Short text fragments from websites:
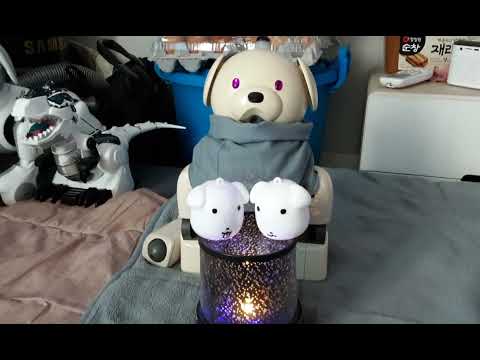 Aibo ❤️ Puppy Figure ❤️ Star Lamp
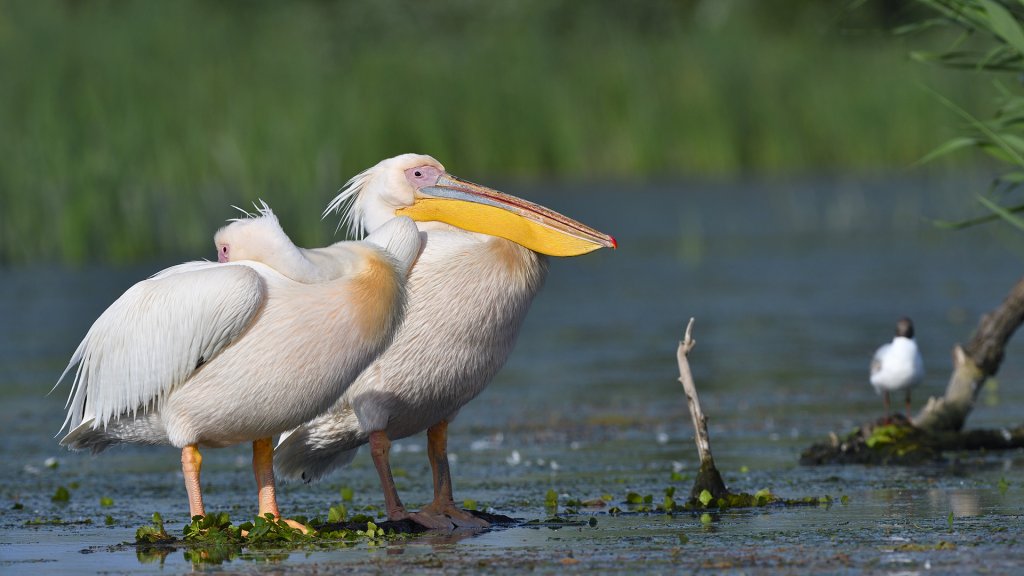 Birdwatching Day Trip To The Danube Delta - Privat | Image #3/6 | 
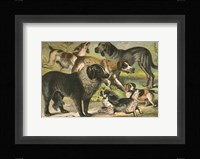 Johnson's Dog Breeds III Fine Art Print
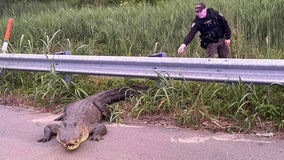 Alligator removed twice in single night from North Carolina highway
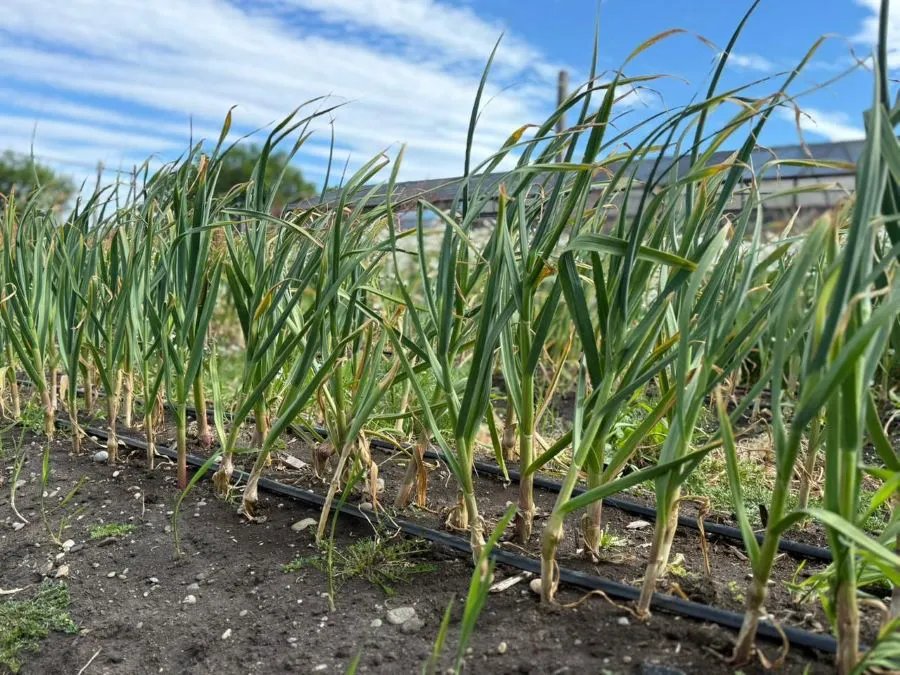 photo_4945095314939513893_y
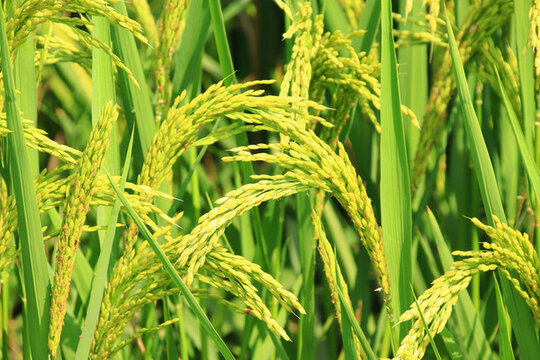 水稻農(nóng)田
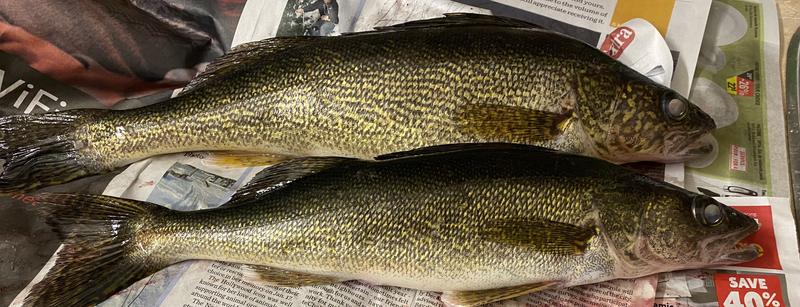 Photo - commentaire 2.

__WHAT IS EXPECTED__
Every entry above needs to be printed again exactly, with its pictures left out.

__ANSWER SECTION__
 Aibo ❤️ Puppy Figure ❤️ Star Lamp
 Birdwatching Day Trip To The Danube Delta - Privat | Image #3/6 | 
 Johnson's Dog Breeds III Fine Art Print
 Alligator removed twice in single night from North Carolina highway
 photo_4945095314939513893_y
 水稻農(nóng)田
 Photo - commentaire 2.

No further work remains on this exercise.